Residents and merchants have mixed feelings towards red-painted, transit-only lanes in San Francisco, though most agreed at a San Francisco Board of Supervisors committee hearing that private transit vehicles do not belong in them.
A hearing was held Monday at the Land Use and Transportation Committee by supervisors Sandra Lee Fewer and Hillary Ronen to see how private transit vehicles driving in transit-only lanes — sometimes called red carpet lanes — affect Muni reliability.
Private transit vehicles are able to use red lanes under the California vehicle code unless specified as “Muni Only,” said Sean Kennedy, deputy director of Muni in charge of planning and scheduling.
Kennedy said the transit agency does review complaints logged into the transit agency’s central control, and staff visit transit divisions each month to speak with operators:
“We’ve been reviewing central control logs to see where the sticky points are and see where some of recurring issues are.”
He added that most problems reported with commuter shuttles is that they stop at locations not designated for pick-ups and drop-offs as part of the transit agency’s commuter shuttle permit program:
“There are a lot of places where commuter shuttles stop illegally or stop where they’re not supposed to. That impacts us travel time-wise and reliability-wise.”
About 1,000 vehicles have been issued permits under the SFMTA’s commuter shuttle program, and about 400 of them are on city streets on any given day, said Alex Jonlin, a transportation analyst with the SFMTA.
Chariot has about 100 vehicles operating in The City, with some of those vehicles with part of the SFMTA’s private transit permit program.
Fewer wanted to see data on how the private shuttle vehicles are affecting Muni reliability.
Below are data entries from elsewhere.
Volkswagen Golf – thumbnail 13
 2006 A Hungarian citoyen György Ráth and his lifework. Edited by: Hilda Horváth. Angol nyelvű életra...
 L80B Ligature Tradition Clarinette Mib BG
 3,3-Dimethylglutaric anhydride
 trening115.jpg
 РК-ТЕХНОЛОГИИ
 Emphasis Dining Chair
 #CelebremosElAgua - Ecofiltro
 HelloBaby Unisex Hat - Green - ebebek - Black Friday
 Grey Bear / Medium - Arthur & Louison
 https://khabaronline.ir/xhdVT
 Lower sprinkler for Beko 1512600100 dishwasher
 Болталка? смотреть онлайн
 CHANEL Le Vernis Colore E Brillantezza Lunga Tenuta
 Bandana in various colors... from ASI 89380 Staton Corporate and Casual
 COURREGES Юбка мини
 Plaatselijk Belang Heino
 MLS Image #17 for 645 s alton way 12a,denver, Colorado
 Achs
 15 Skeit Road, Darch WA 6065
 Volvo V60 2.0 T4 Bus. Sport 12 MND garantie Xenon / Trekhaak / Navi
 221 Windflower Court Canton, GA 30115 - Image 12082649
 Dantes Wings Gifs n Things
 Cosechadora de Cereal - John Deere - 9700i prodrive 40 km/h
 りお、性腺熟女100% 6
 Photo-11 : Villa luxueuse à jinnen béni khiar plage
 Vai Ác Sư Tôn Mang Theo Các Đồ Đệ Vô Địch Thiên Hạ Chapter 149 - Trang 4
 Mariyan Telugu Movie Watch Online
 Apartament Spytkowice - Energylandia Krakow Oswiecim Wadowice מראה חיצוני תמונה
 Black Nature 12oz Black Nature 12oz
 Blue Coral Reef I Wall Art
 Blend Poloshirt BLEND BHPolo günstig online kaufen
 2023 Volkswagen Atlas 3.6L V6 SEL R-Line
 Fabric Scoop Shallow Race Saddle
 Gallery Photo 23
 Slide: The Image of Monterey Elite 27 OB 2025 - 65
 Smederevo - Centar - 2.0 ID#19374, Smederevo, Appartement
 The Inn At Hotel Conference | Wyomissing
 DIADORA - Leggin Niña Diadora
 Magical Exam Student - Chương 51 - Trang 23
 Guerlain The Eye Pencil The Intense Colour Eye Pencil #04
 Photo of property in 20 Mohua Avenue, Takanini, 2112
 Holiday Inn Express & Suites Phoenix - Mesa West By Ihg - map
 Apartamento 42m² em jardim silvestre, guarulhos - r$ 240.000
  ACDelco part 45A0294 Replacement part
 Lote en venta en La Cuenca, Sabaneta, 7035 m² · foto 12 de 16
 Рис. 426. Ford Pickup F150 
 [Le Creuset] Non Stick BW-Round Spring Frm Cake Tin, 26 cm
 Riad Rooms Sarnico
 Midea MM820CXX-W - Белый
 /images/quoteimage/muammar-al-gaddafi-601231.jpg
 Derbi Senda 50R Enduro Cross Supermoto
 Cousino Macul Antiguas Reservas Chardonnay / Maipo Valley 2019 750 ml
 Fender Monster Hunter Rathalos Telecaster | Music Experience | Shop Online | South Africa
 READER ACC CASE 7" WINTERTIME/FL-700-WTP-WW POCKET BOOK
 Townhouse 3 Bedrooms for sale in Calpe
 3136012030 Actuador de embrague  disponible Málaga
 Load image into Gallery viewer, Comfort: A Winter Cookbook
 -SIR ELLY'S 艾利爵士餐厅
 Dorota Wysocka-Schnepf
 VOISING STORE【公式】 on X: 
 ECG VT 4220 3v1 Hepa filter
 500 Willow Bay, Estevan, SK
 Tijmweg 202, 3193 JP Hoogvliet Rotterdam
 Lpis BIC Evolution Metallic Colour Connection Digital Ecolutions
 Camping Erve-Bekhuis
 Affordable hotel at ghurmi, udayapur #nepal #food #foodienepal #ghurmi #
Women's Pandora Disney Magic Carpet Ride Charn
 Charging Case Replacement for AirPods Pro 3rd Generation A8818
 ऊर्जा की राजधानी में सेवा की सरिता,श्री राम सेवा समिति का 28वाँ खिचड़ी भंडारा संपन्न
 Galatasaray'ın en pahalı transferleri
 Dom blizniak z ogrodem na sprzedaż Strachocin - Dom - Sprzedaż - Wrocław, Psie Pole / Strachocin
But there was none, which concerned her, especially with the upcoming Geary bus rapid project, which will have transit-only lanes:
“It is estimated it will cut down 10 minutes of transit time once the Geary BRT is in place from the beach to downtown. My concern is if you have hundreds and hundreds and hundreds… I mean, it’s probably hundreds more than what you gave me, and there all in competition during the peak times Muni is operating peak time hours, how might that hinder that delivery time?”
There might be some light at the end of tunnel on changing the definition of a transit bus. The SFMTA is in the process of working with The City Attorney’s Office in possibly changing the language, said Kennedy.
A number of a community groups, including the Chinatown TRIP, Chinatown Community Development Center, United to Save the Mission, and the Mission Merchant Associations, and Senior Disability Action all spoke against allowing private shuttles from using the red transit-only lanes.
Ericka Martynovych, who works with the South of Market Action Network, said the red bus lanes should be for Muni buses and not for private transit vehicles:
“Allowing private corporate transportation in these lanes only benefits the privilege few while causing everyone else to struggle more.”
Winston Parsons, speaking on behalf of the Richmond Senior Center, said most seniors at the center rely on Muni and paratransit to get around The City, and the center opposes allowing private transit vehicles using the transit-only lanes:
“Give how little some private providers are paying for permits or to use Muni stops, especially relative with to their financial capacity. It feels unfair they get special treatment and potentially slow transit.”